Cross Validation operator model output

varunm1
varunm1 New Altair Community Member
edited November 2024 in Community Q&A
Hello,

Trying to understand the model output of the cross-validation operator. For example, in a 5 fold cross validation 5 models are trained and tested, so does the cross-validation operator outputs last folds model or the best model from 5?

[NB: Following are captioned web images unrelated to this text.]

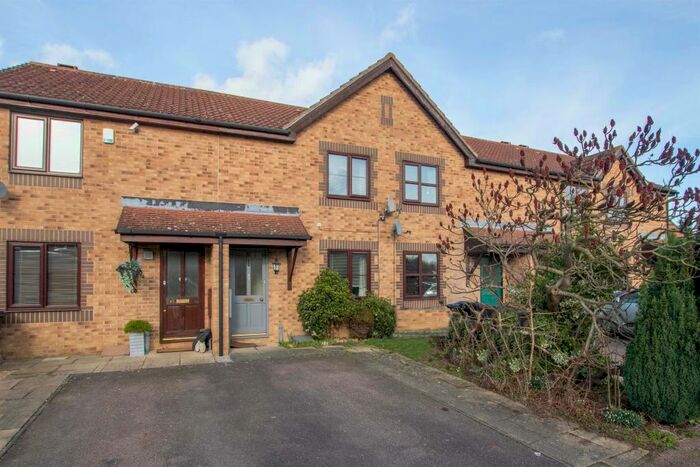 2 Bedroom Terraced House To Rent In Dukes Ride, Bishops Park, Bishops Stortford, Herts, CM23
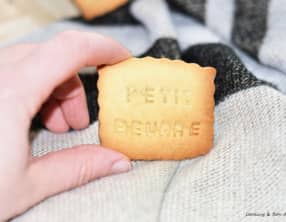 Petits-beurres maison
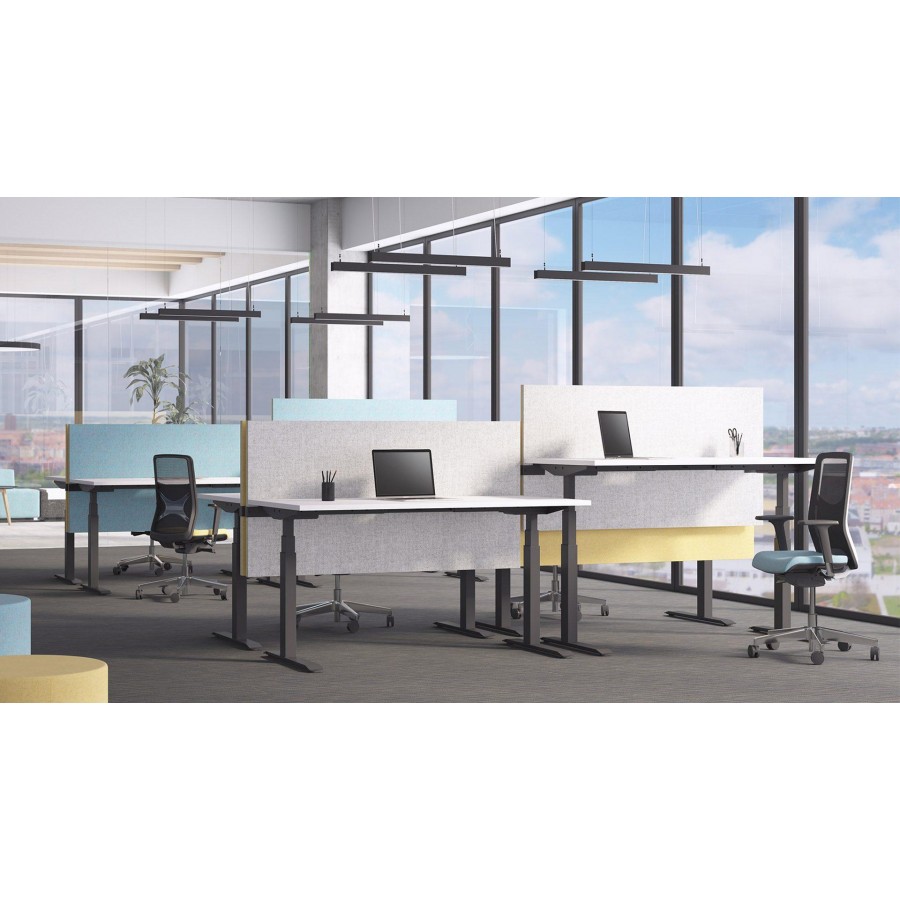 Narbutas Active-A Twin Motor Height Adjustable Desk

@mschmitz @lionelderkrikor

Thanks,
Varun

Best Answers

  • IngoRM
    IngoRM New Altair Community Member
    Answer ✓
    The model is built on the complete input data.  This is just a convenience feature.  There is simply no best model and the whole point of the cross validation is to estimate how well a model trained on the full data will perform (so the validation of it, not the model selection).  Search here on the community if you want to learn more about, there have been a couple of discussions already in the past, e.g. this one here: https://community.rapidminer.com/discussion/53798/cross-validation
    Hope that helps,
    Ingo
  • lionelderkrikor
    lionelderkrikor New Altair Community Member
    Answer ✓
    Hi @varunm1,

    If I good remember, for a N-fold CV, RapidMiner performs N+1 iterations.
    So in practice, in your case, for a 5-folds CV, 5 models are trained and tested to obtain the average performance.
    Then a 6th iteration is performed and a model is builded from the whole training set. It is this model which is supplied by the model output port of CV operator and it is this model which is associated to the confusion matrix of the Performance operator.
    To convince you, you can set a breakpoint after in the model inside the CV operator : 


    Hope this helps,

    Regards,

    Lionel

    NB : Thanks to the experts to correct me if I'm wrong in my explanation...
     

Answers

  • IngoRM
    IngoRM New Altair Community Member
    Answer ✓
    The model is built on the complete input data.  This is just a convenience feature.  There is simply no best model and the whole point of the cross validation is to estimate how well a model trained on the full data will perform (so the validation of it, not the model selection).  Search here on the community if you want to learn more about, there have been a couple of discussions already in the past, e.g. this one here: https://community.rapidminer.com/discussion/53798/cross-validation
    Hope that helps,
    Ingo
  • varunm1
    varunm1 New Altair Community Member
    Thanks @IngoRM this clarifies my question.
  • lionelderkrikor
    lionelderkrikor New Altair Community Member
    Answer ✓
    Hi @varunm1,

    If I good remember, for a N-fold CV, RapidMiner performs N+1 iterations.
    So in practice, in your case, for a 5-folds CV, 5 models are trained and tested to obtain the average performance.
    Then a 6th iteration is performed and a model is builded from the whole training set. It is this model which is supplied by the model output port of CV operator and it is this model which is associated to the confusion matrix of the Performance operator.
    To convince you, you can set a breakpoint after in the model inside the CV operator : 


    Hope this helps,

    Regards,

    Lionel

    NB : Thanks to the experts to correct me if I'm wrong in my explanation...
     
  • varunm1
    varunm1 New Altair Community Member
    Thanks @lionelderkrikor. I tried that and got it.